Nos dois lados dessa guerra de versões, temos juristas, cientistas sociais, historiadores e filósofos explicando, por A + B, a verdade real sobre o catatau lido por Fux durante 14 horas. No caso, a verdade verdadeira, coitada, é arrastada de um lado para o outro, a depender do especialista. Aqui, fala a turma que recorre ao argumento de autoridade.
Eis aí um fenômeno que atravessa os séculos e produz controvérsia em todas as áreas. Para falar sobre sentença judicial, você precisa ter formação em direito. Para se meter em debate sobre inflação, ajuste fiscal e déficit primário, mostre o diploma de economista. Como criticar sambinhas de Chico Buarque se você não arranha nem um berimbau?

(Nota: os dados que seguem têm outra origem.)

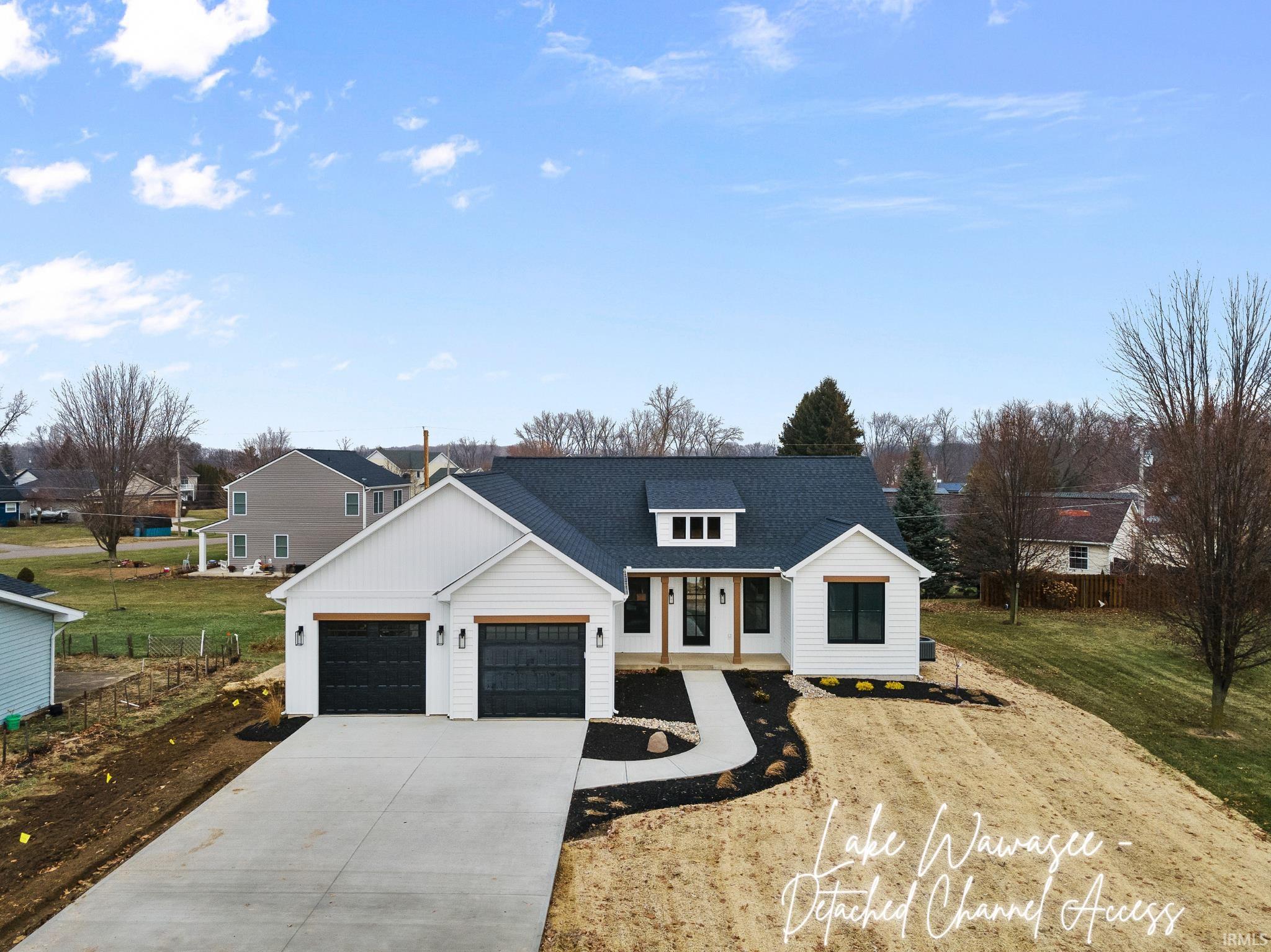 Modern inspired farmhouse featuring large concrete driveway, natural wood accents, seeded yard, attached garage w/black doors and neutral trim details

O bate-boca pode chegar à pancadaria física quando se trata do universo do futebol. Jogadores e ex-jogadores não suportam jornalistas que ganham a vida como comentadores. Fala Romário: “Já chupou laranja?”. A expressão faz referência ao jogador raiz, digamos assim. Se nunca calçou chuteira, vai comentar o quê?
Forçando a barra, digo que a coisa se assemelha ao que ocorre com o conceito de lugar de fala, importado pela filósofa Djamila Ribeiro. A expressão é autoexplicativa – e é por isso mesmo que causa tanto ruído em discussões acaloradas. Põe um peso desmedido sobre variáveis biográficas para legitimar esta ou aquela corrente de pensamento.
Todo esse arrazoado, é claro, aparece aqui com a ligeireza de um especialista em tudo – ou seja, em nada. Dizem que esta é uma das marcas deletérias do jornalismo. Não sei. Seja como for, é um perigo reservar a patotas de iniciados a prerrogativa exclusiva de opinar acerca de temas que afetam a vida de todos nós. Ficou claro isso?
Agora, repare bem: se a opinião sobre qualquer tema, de qualquer área, tem potencial de confusão, imagine quando a ideologia e a paixão política envenenam o debate. É o caso do julgamento de Bolsonaro. De doutores a estagiários, na academia e nas esquinas, a chance de um diálogo com sobriedade é zero. A chance de pacificação é abaixo de zero.
Minha opinião sobre o voto do ministro Luiz Fux está nos textos anteriores. Neste aqui, o assunto são as possibilidades e armadilhas da linguagem. Mais ou menos por aí.